Neither of those is "silent" or "unknowing".
> What way is that? Typechecking is static analysis. There's really no difference between how java or cpp does typechecking and how mypy does, other than that the python typechecker isn't installed by default.
The typechecker can't handle un-hinted code (or, rather, it chooses something very permissive, like 'Any' for all hints). It's incomplete at best.
> This is not an answer.
It is. That you don't like or agree with it doesn't make it not an answer.
And in Java or c++, un-hinted code couldn't compile. The python type checker can do more than a java or c++ checker in this regard.
>Neither of those is "silent" or "unknowing".
They're exactly as silent or unknowing as you would get in typed python code. You appear to be comparing untyped python. That's an incorrect comparison. Offhand, I actually can't think of anything I could do in typed python that would get around the type checker, that wouldn't be considered reflection or a dynamic cast, and be very obviously so in python too. If you have an example of a silent or unknowing failure of well typed python code that passes on mypy, you should probably file a bug report ;)
>That you don't like or agree with it doesn't make it not an answer.
You're right. Its not an answer not because I disagree with it (I don't), but because it doesn't actually answer anything, which is why I don't disagree with it.
To summarize this:
Python typecheckers are capable of more type inference than Java, and require less syntax than c++ or Java to get well typed code.

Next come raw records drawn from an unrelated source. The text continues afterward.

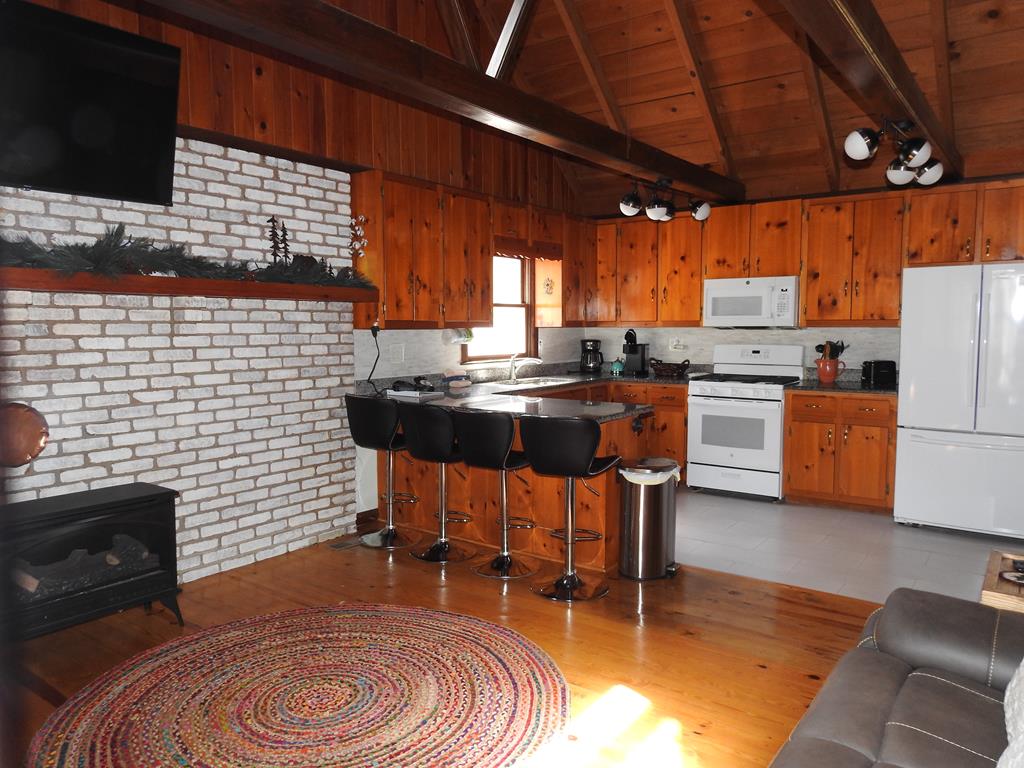 429513 Blue Ridge Residential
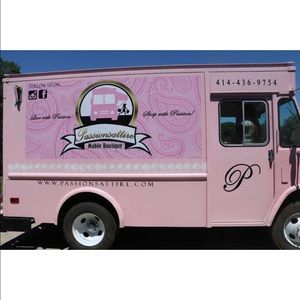 Meet your Posher, Passion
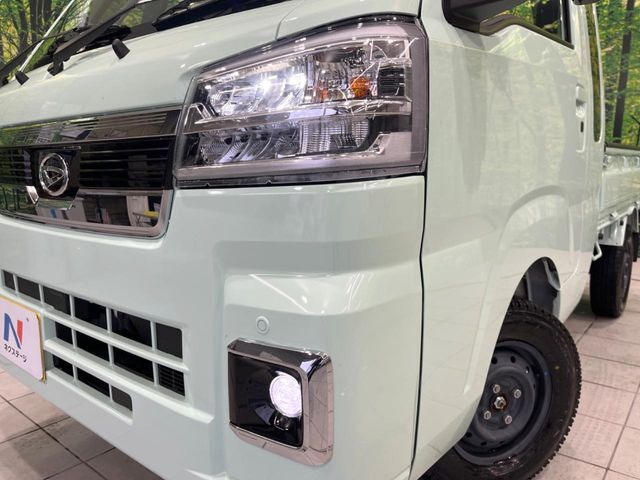 �yLED�w�b�h���C�g�z���V����ԑ��s�����ǍD�Ȏ��E���m�ۂ����S���ĉ^�]�ł��鍂�P�xLED�w�b�h���C�g�𑕔�!�_�����x�������A����d�͂��}�����Ă��܂��B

A typed python codebase can interact cleanly with an untyped python codebase, and within the typed parts of the code, you get equivalent safety guarantees to what the type systems of Java or C++ provide.
Your appear to be ascribing magical powers to compilers in other languages, when those compilers have exactly the same type information as mypy does.
In other words, going back to your first statement:
>Hints don't provide any guarantees.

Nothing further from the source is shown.